Er moeten ingevolge de richtlijn hulpposten voor handen zijn in de nabijheid van de ingangen en in de tunnel zelf. De onderlinge afstand van hulpposten is bepaald op maximaal 150 meter. Onder de huidige Warvw en het wetsvoorstel mogen hulpposten maximaal 50–60 meter uit elkaar zijn geplaatst. Dit is in lijn met de plaatsing van de brandkranen. De kosten voor een hulppostkast zijn € 25 000,–.

Ventilatie

Net als onder de huidige wetgeving blijft de eis dat er mechanische ventilatie moet zijn in tunnels langer dan 500 meter.
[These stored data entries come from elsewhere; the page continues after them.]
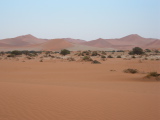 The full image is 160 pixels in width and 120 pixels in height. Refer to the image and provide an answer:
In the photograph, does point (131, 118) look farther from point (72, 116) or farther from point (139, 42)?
point (139, 42)

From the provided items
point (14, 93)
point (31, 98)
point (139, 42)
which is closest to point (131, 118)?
point (31, 98)

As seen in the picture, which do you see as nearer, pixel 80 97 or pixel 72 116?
pixel 72 116

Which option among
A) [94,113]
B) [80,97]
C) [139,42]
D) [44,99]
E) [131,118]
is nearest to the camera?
[131,118]

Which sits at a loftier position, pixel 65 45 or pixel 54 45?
pixel 65 45

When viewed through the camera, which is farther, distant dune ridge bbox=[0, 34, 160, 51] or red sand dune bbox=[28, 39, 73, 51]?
red sand dune bbox=[28, 39, 73, 51]

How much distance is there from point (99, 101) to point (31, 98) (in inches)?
98.9

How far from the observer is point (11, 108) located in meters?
5.66

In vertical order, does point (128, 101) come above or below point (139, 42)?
below

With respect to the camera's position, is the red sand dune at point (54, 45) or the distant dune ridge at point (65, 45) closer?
the distant dune ridge at point (65, 45)

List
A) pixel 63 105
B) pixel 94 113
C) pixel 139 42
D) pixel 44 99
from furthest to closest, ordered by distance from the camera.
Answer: pixel 139 42, pixel 44 99, pixel 63 105, pixel 94 113

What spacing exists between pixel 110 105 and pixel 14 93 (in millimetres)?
3848

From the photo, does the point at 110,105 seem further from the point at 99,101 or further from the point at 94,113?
the point at 94,113

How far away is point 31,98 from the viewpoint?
6844 mm

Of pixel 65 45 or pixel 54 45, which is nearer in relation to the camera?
pixel 65 45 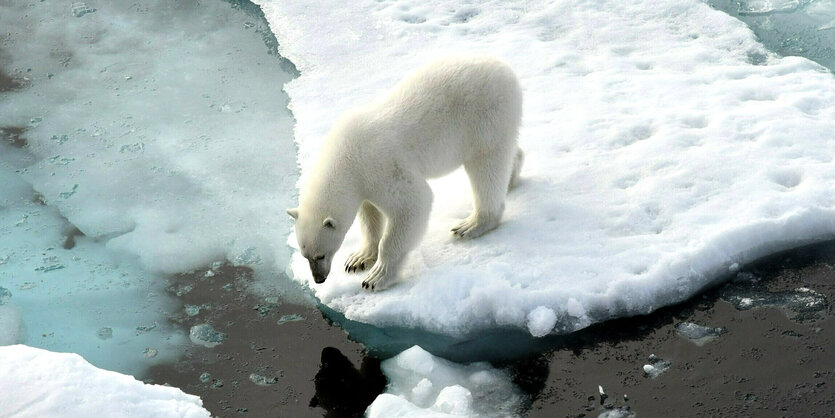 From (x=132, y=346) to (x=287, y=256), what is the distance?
1005 millimetres

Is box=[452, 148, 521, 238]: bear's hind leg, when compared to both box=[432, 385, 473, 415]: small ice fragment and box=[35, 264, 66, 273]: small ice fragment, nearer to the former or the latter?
box=[432, 385, 473, 415]: small ice fragment

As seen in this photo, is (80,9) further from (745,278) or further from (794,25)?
(745,278)

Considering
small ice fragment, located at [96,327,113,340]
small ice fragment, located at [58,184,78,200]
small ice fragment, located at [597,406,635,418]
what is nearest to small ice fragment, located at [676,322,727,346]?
small ice fragment, located at [597,406,635,418]

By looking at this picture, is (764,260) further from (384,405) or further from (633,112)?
(384,405)

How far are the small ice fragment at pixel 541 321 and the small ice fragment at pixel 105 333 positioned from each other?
2156 millimetres

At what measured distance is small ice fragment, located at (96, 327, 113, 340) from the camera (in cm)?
449

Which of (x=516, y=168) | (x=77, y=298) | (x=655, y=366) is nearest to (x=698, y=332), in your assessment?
(x=655, y=366)

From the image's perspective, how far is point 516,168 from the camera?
17.0 ft

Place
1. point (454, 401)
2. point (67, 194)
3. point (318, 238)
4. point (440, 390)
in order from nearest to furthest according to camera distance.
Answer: point (454, 401)
point (440, 390)
point (318, 238)
point (67, 194)

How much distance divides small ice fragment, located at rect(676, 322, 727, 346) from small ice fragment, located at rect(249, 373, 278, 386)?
6.32 feet

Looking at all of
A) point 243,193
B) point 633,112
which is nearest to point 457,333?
point 243,193

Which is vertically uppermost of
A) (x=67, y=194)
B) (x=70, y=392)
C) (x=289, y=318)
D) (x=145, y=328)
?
(x=70, y=392)

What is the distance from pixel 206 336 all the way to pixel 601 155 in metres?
2.62

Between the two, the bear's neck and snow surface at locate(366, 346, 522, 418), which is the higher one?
the bear's neck
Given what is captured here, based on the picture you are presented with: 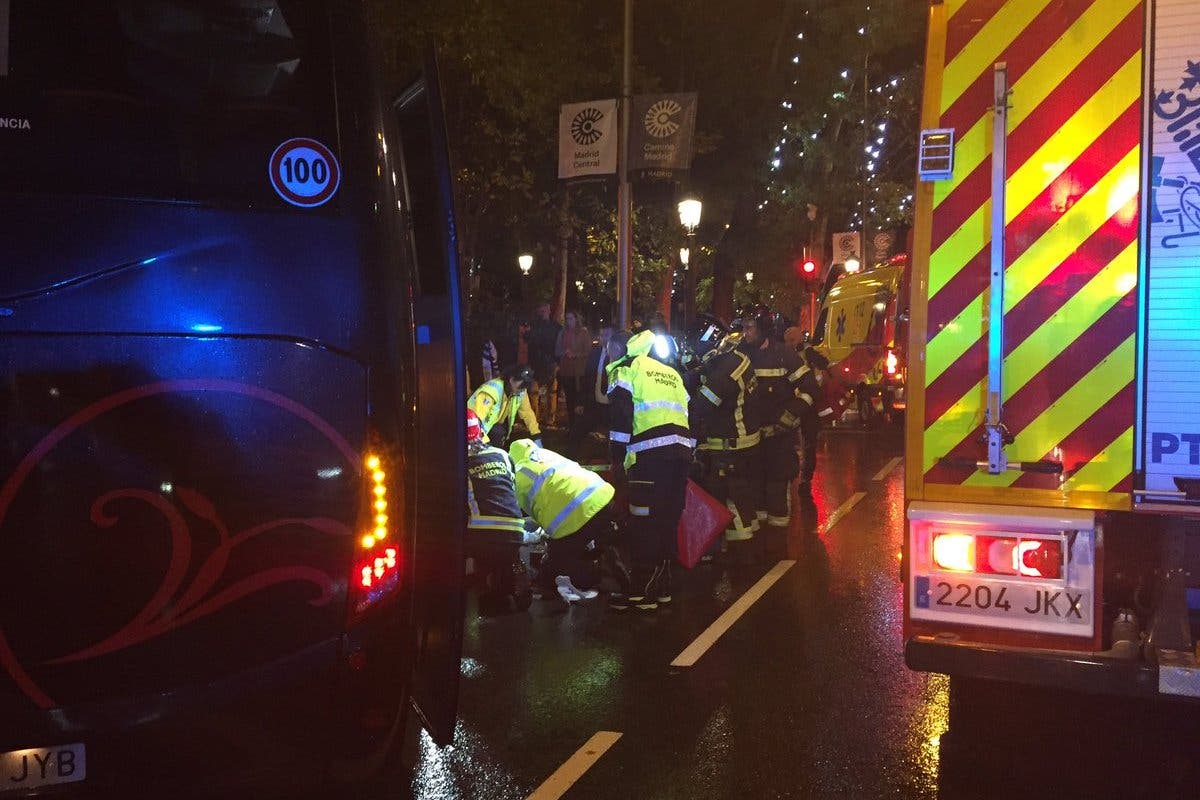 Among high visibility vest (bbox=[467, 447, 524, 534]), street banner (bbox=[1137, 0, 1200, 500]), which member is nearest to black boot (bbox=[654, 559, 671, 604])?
high visibility vest (bbox=[467, 447, 524, 534])

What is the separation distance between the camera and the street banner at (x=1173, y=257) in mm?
3768

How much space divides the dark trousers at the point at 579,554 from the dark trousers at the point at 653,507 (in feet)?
0.72

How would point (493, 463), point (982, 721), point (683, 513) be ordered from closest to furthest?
point (982, 721) < point (493, 463) < point (683, 513)

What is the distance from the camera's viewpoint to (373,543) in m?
3.37

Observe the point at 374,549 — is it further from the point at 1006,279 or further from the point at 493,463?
the point at 493,463

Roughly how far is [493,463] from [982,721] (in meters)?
3.10

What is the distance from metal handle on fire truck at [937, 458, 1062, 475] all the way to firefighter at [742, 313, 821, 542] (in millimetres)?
5087

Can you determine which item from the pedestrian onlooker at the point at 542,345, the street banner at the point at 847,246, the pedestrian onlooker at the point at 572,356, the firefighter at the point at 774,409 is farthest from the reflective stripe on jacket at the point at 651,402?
the street banner at the point at 847,246

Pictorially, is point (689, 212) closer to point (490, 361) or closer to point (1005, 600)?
point (490, 361)

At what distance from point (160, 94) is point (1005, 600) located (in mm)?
3179

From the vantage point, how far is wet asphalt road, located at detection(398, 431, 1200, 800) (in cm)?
444

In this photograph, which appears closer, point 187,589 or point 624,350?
point 187,589

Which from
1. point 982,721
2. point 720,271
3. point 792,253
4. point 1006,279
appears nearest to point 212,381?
point 1006,279

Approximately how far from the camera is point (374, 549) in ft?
11.1
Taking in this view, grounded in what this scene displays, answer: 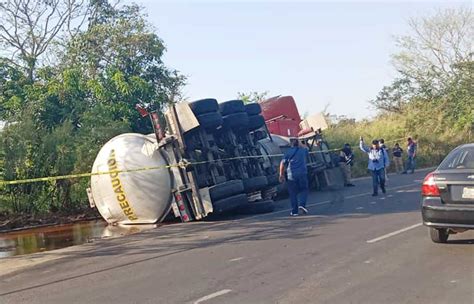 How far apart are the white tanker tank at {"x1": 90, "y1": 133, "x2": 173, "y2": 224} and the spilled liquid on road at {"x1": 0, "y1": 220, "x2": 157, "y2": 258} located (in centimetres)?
33

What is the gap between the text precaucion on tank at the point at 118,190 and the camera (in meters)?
13.2

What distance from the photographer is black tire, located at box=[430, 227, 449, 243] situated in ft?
28.6

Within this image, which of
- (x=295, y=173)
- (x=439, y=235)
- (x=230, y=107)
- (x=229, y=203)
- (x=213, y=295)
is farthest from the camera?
(x=230, y=107)

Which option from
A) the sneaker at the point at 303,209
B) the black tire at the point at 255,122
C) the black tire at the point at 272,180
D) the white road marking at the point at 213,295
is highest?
the black tire at the point at 255,122

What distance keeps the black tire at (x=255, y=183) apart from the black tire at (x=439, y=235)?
5.56 m

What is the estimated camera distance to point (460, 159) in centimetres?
877

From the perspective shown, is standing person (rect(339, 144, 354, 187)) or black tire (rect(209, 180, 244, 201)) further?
standing person (rect(339, 144, 354, 187))

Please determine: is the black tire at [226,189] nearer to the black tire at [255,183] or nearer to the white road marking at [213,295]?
the black tire at [255,183]

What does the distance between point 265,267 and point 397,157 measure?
2178 centimetres

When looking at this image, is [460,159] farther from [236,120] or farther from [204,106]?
[236,120]

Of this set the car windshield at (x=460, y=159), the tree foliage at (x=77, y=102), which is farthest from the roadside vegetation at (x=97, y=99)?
the car windshield at (x=460, y=159)

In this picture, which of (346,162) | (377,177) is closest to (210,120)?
(377,177)

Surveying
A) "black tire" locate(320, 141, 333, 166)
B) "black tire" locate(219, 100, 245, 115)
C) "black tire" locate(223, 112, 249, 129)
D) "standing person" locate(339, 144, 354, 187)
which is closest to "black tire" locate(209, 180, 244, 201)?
"black tire" locate(223, 112, 249, 129)

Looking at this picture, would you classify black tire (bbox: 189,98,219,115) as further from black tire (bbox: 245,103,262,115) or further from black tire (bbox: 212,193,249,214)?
black tire (bbox: 245,103,262,115) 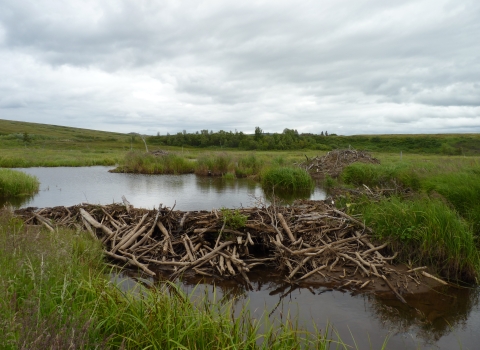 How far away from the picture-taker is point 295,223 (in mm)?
8078

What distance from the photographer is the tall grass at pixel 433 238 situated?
6.73 meters

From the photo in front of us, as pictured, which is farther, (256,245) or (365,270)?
(256,245)

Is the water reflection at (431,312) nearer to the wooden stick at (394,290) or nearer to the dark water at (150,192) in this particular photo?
the wooden stick at (394,290)

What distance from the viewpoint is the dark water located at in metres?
14.8

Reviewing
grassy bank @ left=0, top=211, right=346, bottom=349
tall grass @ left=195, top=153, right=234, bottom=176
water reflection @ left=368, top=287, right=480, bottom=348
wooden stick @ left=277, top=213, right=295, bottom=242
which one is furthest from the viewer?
tall grass @ left=195, top=153, right=234, bottom=176

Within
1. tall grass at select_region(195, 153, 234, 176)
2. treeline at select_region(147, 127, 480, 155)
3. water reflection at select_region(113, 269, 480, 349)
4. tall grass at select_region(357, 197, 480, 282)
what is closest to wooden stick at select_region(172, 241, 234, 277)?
water reflection at select_region(113, 269, 480, 349)

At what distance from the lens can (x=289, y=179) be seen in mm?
18875

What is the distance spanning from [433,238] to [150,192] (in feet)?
44.5

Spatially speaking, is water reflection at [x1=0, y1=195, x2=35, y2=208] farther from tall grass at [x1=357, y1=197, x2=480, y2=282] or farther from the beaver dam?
tall grass at [x1=357, y1=197, x2=480, y2=282]

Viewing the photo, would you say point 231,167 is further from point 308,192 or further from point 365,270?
point 365,270

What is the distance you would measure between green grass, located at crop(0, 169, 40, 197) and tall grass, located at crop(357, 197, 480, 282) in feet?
50.6

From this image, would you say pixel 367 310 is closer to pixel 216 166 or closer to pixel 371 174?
pixel 371 174

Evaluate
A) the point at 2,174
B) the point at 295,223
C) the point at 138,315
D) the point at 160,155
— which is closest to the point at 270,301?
the point at 295,223

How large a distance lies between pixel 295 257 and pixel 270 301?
1264 mm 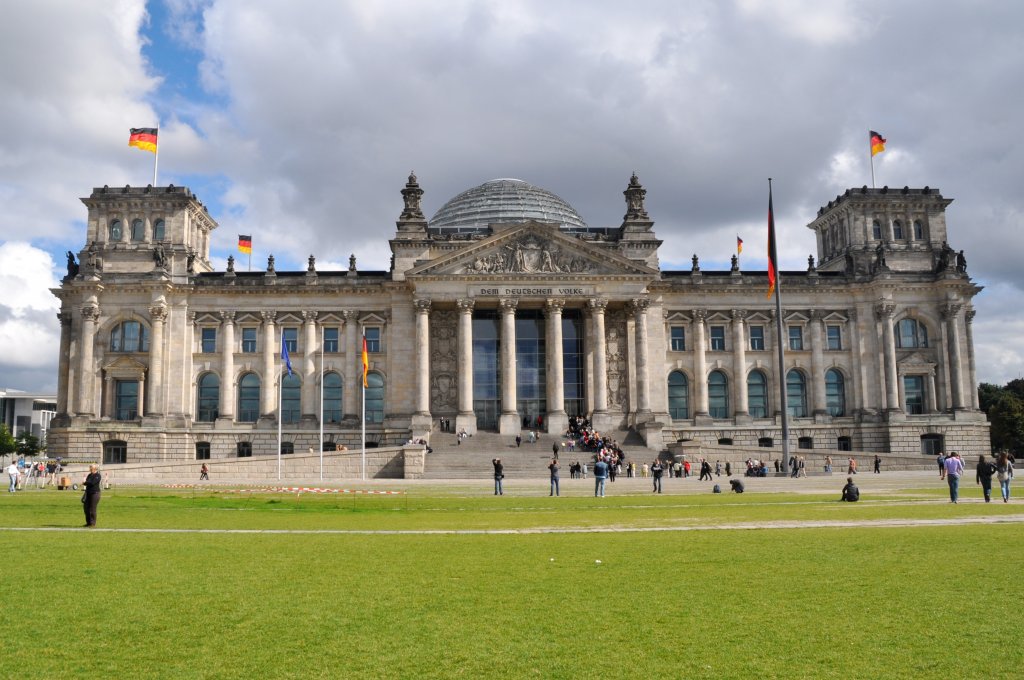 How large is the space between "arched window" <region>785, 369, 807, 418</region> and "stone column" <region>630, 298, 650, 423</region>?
1584cm

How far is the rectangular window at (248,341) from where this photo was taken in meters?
82.2

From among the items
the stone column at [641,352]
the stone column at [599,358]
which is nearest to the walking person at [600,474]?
the stone column at [599,358]

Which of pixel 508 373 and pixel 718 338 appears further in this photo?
pixel 718 338

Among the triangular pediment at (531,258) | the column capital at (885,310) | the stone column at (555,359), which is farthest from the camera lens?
the column capital at (885,310)

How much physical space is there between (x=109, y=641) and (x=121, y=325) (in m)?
76.6

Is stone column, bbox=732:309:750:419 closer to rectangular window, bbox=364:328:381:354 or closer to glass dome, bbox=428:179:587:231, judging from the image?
glass dome, bbox=428:179:587:231

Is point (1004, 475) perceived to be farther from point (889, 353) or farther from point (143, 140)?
point (143, 140)


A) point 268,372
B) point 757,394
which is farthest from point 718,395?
point 268,372

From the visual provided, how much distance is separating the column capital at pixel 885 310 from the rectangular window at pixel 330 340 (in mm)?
51197

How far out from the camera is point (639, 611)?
12359mm

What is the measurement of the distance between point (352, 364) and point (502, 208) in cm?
2321

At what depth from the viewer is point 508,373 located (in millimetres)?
76125

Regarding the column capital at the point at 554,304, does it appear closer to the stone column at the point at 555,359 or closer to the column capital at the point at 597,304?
the stone column at the point at 555,359

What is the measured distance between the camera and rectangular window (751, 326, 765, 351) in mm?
84312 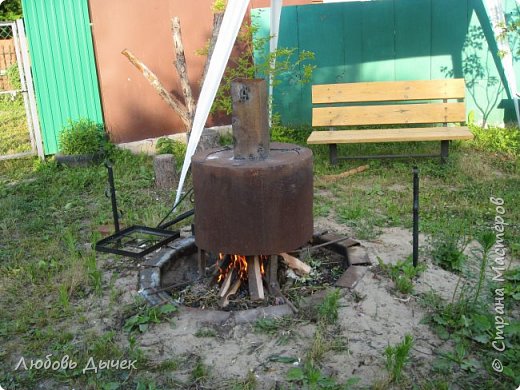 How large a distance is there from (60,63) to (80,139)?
3.70ft

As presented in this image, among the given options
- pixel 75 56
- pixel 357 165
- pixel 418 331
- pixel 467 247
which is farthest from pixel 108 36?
pixel 418 331

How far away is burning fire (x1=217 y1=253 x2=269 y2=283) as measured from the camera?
3.94 metres

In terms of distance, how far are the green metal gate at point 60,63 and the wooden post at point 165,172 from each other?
2.12 metres

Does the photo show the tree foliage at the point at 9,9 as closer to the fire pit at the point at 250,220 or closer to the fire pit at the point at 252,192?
the fire pit at the point at 250,220

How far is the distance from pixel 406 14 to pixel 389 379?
6.87 meters

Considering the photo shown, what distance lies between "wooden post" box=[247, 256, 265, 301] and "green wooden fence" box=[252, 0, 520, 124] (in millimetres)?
5246

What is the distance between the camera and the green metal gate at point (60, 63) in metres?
7.55

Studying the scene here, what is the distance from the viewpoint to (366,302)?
350 cm

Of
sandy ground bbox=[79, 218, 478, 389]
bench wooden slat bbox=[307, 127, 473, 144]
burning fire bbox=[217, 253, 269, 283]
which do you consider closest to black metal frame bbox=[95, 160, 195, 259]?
burning fire bbox=[217, 253, 269, 283]

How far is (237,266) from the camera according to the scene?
396cm

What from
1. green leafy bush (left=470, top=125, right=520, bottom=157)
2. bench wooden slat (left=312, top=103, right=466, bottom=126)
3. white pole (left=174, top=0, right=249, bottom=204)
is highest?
white pole (left=174, top=0, right=249, bottom=204)

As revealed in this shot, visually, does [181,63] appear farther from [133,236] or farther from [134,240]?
[134,240]

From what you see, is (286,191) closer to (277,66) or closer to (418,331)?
(418,331)

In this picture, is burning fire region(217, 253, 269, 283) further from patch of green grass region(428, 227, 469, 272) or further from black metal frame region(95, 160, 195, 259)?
patch of green grass region(428, 227, 469, 272) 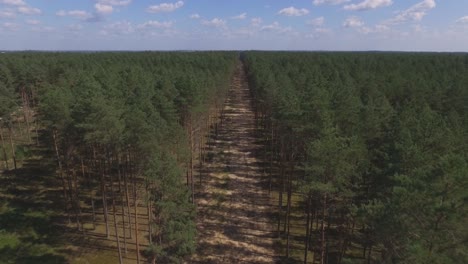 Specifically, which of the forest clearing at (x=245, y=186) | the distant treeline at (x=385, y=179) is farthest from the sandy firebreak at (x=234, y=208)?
the distant treeline at (x=385, y=179)

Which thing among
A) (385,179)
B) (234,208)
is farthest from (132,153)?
(385,179)

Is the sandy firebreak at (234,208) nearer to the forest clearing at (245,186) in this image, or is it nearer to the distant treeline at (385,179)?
the forest clearing at (245,186)

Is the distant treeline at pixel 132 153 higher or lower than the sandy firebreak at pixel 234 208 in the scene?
higher

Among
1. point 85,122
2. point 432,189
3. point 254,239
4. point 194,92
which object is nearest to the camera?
point 432,189

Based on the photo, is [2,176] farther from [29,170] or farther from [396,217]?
[396,217]

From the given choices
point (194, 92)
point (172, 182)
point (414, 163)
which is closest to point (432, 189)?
point (414, 163)

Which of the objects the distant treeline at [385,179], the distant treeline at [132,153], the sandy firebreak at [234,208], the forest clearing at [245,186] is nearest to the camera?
the distant treeline at [385,179]

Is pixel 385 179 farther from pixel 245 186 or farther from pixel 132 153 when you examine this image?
pixel 245 186

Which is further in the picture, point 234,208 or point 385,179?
point 234,208
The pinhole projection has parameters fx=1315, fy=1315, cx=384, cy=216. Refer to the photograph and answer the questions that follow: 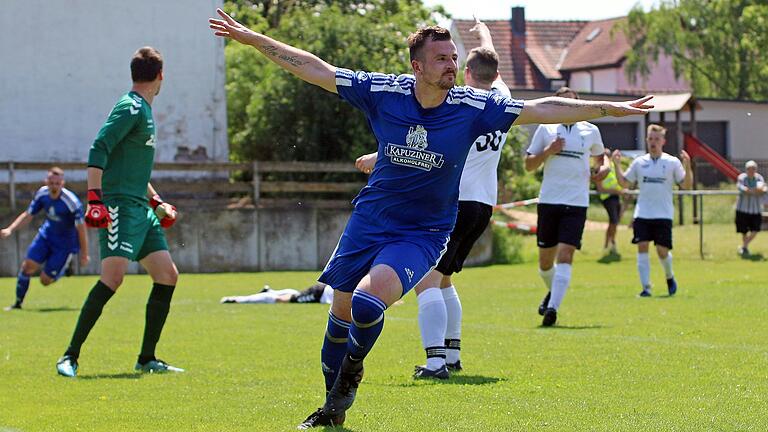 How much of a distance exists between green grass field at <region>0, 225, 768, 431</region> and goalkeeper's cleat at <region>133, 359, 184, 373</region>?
6.8 inches

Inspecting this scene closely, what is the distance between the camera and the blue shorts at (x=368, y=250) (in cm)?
656

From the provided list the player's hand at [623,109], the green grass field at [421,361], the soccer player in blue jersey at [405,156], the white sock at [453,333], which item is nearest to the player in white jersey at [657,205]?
the green grass field at [421,361]

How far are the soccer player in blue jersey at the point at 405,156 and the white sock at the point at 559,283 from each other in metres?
5.68

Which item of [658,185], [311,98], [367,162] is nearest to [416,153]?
[367,162]

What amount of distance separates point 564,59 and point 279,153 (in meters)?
52.5

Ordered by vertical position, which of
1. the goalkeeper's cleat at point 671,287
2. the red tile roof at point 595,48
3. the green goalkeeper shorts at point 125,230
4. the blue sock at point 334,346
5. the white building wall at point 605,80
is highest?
the red tile roof at point 595,48

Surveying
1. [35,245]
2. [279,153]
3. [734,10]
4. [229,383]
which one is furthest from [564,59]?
[229,383]

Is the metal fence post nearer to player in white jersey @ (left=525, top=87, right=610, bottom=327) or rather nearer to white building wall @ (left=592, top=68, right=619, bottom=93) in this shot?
player in white jersey @ (left=525, top=87, right=610, bottom=327)

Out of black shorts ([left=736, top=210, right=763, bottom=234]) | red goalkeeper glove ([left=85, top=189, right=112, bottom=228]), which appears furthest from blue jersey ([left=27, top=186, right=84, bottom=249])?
black shorts ([left=736, top=210, right=763, bottom=234])

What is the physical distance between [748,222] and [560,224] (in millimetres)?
14528

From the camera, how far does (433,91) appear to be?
665cm

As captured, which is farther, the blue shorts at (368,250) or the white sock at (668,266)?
the white sock at (668,266)

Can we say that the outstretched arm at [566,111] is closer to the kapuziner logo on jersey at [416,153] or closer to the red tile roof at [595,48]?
the kapuziner logo on jersey at [416,153]

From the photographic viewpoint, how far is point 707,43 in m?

In de EU richtlijn wordt mechanische ventilatie om de 1000 meter voorgeschreven. Ventilatie is een effectieve voorziening in tunnels om rook te verdrijven en verhoogt daarmee de zelfredzaamheid. Een ventilatiecluster kost € 200 000,–.

Commissie voor de tunnelveiligheid

De huidige Warvw heeft de Commissie voor de tunnelveiligheid ingesteld die advies geeft over de veiligheid van tunnels op basis van risicoanalyse. De richtlijn stelt niet de eis van verplicht advies door een Commissie. In het wetsvoorstel wordt de Commissie voor de tunnelveiligheid conform de evaluatie en in lijn met de richtlijn opgeheven. Dit is mogelijk omdat nu vooraf in het traject duidelijkheid is wat het gewenste veiligheidsniveau is. Daarnaast wordt deskundig advies geborgd door de vanuit de richtlijn vereiste verplichte raadpleging van veiligheidsbeambten.

Ik hoop uw Kamer hiermee voldoende inzicht te hebben gegeven in de afweging die is gemaakt om op enkele punten een bredere toepassing te geven aan de richtlijn.